WORK ORDER
Reproduce each entry exactly, so that everything except the pictures is carried over.

● ● ● ● ●

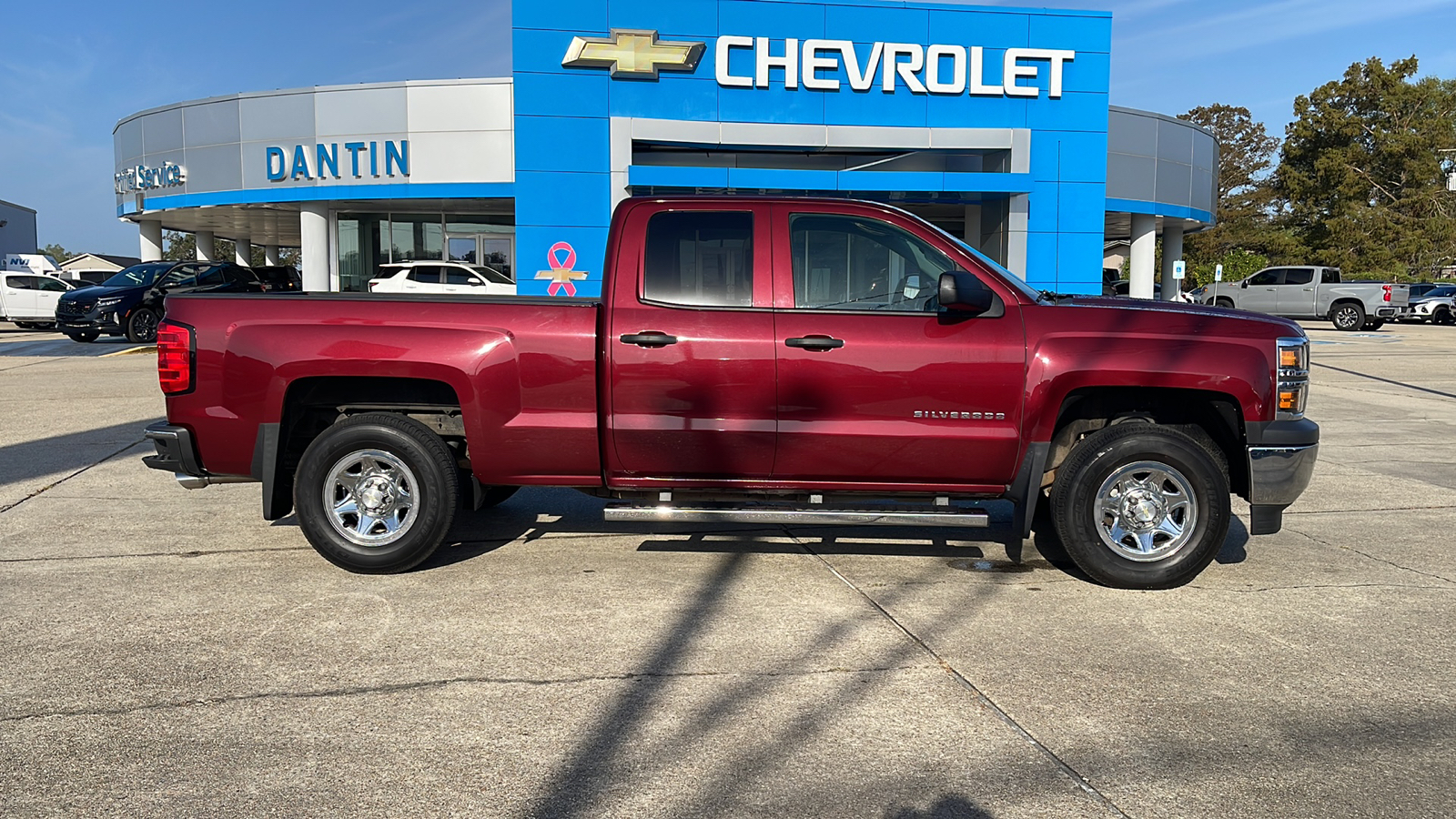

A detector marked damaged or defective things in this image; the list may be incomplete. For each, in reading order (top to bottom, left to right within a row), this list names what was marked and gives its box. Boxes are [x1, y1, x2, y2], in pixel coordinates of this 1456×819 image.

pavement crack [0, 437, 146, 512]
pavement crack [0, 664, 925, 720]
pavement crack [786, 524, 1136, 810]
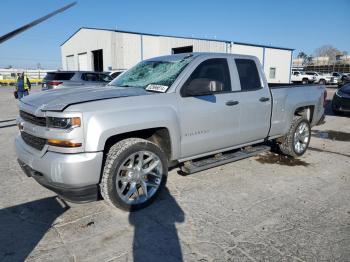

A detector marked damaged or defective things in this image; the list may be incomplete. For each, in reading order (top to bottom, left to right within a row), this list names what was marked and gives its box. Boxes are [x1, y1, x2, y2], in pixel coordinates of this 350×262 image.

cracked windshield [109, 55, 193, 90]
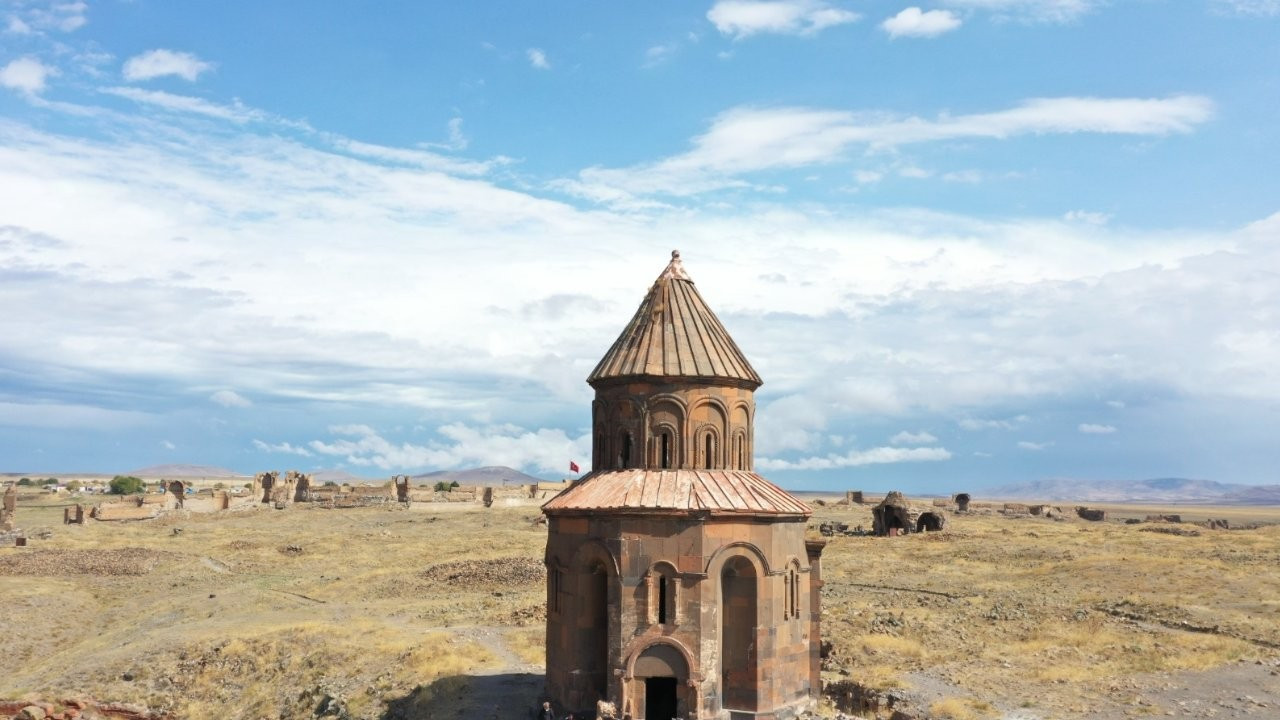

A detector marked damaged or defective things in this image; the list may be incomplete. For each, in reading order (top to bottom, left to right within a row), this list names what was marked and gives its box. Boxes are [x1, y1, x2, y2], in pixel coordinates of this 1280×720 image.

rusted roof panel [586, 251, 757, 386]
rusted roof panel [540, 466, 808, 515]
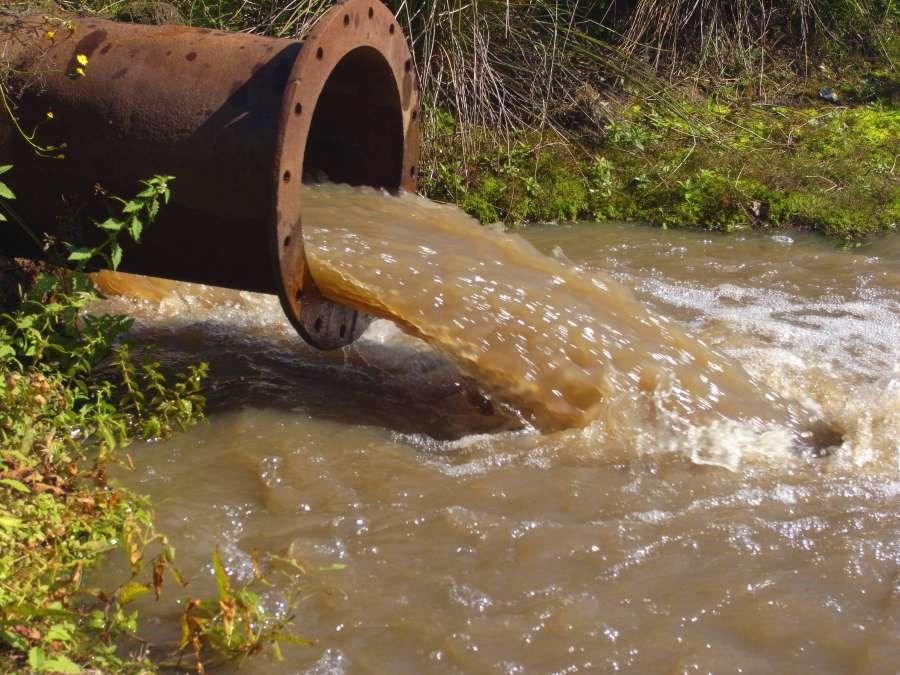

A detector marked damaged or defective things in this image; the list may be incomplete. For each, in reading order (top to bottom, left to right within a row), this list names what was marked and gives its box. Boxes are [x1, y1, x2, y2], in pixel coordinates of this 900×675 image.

● ● ● ● ●

ANSWER FOR THIS EXERCISE
A detector marked damaged or defective things in this image; the list may be incomplete. For each, in reading order (top to bottom, left to right within a row), this list names what was marked and gives its box. Boxes are [x1, y1, x2, y2], in pixel coordinates of this 1456×819 image.

pavement crack [0, 437, 146, 512]
pavement crack [0, 664, 925, 720]
pavement crack [786, 524, 1136, 810]

A detector marked damaged or defective things in this image; the list may be incomplete. For each, in reading order (top to bottom, left to right within a row), this list names what was marked and gives its box. Boxes are [x1, y1, x2, y2], in pixel coordinates of this 350×262 image.

cracked windshield [109, 55, 193, 90]

A detector marked damaged or defective things in this image; the list may be incomplete. For each, in reading order (top to bottom, left to right within a row), this list names what was marked and gives its box. Boxes are [x1, y1, x2, y2], in pixel coordinates of this 1280×720 image.

rusted roof panel [586, 251, 757, 386]
rusted roof panel [540, 466, 808, 515]

A detector marked damaged or defective things in this image; the list may be incomplete. For each, in reading order (top to bottom, left to right within a row), this list names what was marked and gives its box. Boxes are [x1, y1, x2, y2], in pixel coordinates of this 900×675 image.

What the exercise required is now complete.